UA faculty delays sports-bloc vote

FAYETTEVILLE -- University of Arkansas faculty agreed Wednesday to wait until next month before deciding on whether to continue as members of a national organization founded to give university professors a voice on issues relating to college sports.

The postponement means any vote will take place after the annual meeting of the Coalition on Intercollegiate Athletics, said Tom Jensen, a marketing professor and the UA Faculty Senate representative to the group. The meeting is scheduled to take place Feb. 17-19 at Wake Forest University in North Carolina.

"There's been a lot of communication going on, and [I'm] expecting some changes to occur," Jensen said.

The UA Faculty Senate unanimously approved his motion to delay the vote.

John Pijanowski, an educational leadership professor and chairman of the UA Faculty Senate, at last month's meeting said the coalition had "drifted substantially."

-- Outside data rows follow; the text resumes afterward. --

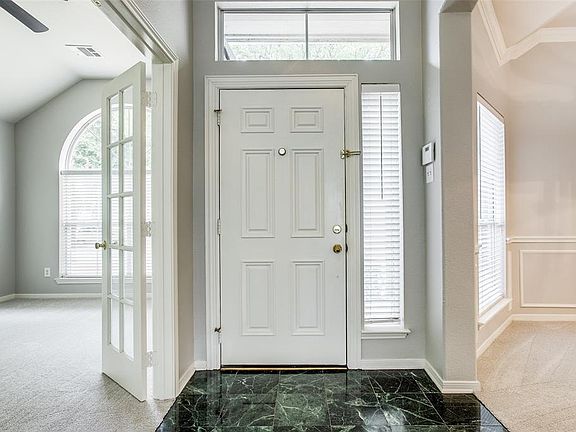 4th image of 1432 Applewood Dr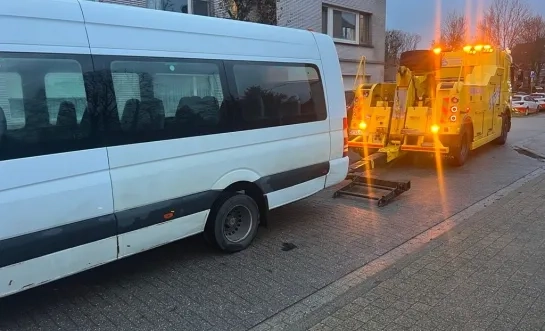 Politie haalt acht onverzekerde bussen uit het verkeer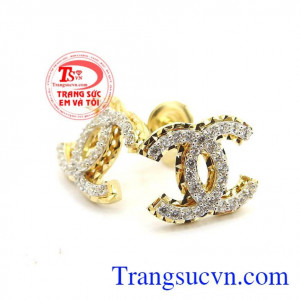 Đôi hoa tai vô cùng tiện dụng và xinh đẹp. Hoa tai vàng thương hiệu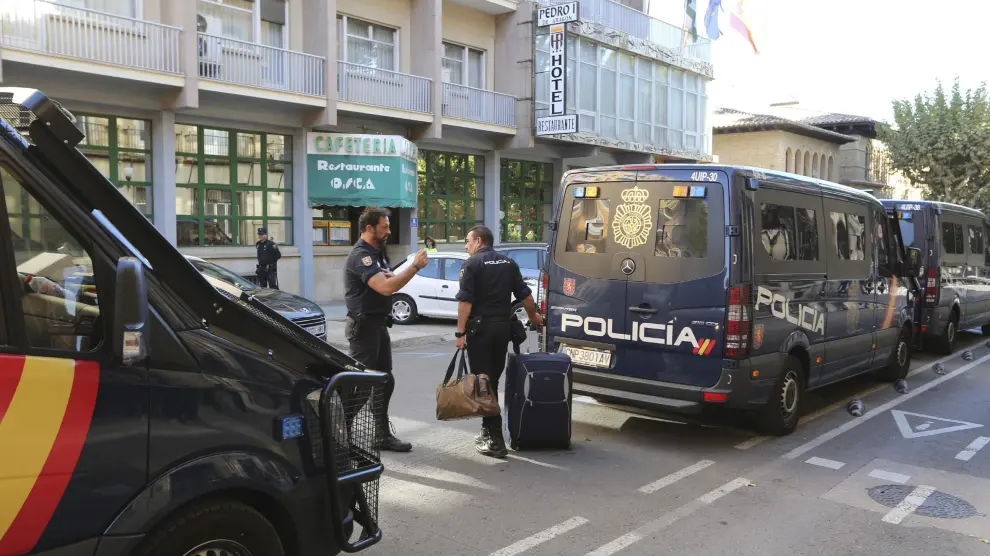 Efectivos de la Policía Nacional llegando al Hotel Pedro I de Huesca desde Reus.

Faculty leadership groups from 64 institutions make up the organization, but Pijanowski said last month that a few people at times made decisions on behalf of the entire group.

Nathan Tublitz, a former co-chair of the national coalition often referred to as COIA, said in a phone interview that he would be sad if UA pulled out of the group, which began in 2002.

"They were one of the founding members of COIA," Tublitz said.

He credited the organization with providing input to the NCAA for its Academic Progress Rate, which was implemented in 2003 as a way to track students' academic eligibility and retention as well provide some measure of accountability for schools.

A low rate can result in penalties for teams that fail to reach certain benchmarks.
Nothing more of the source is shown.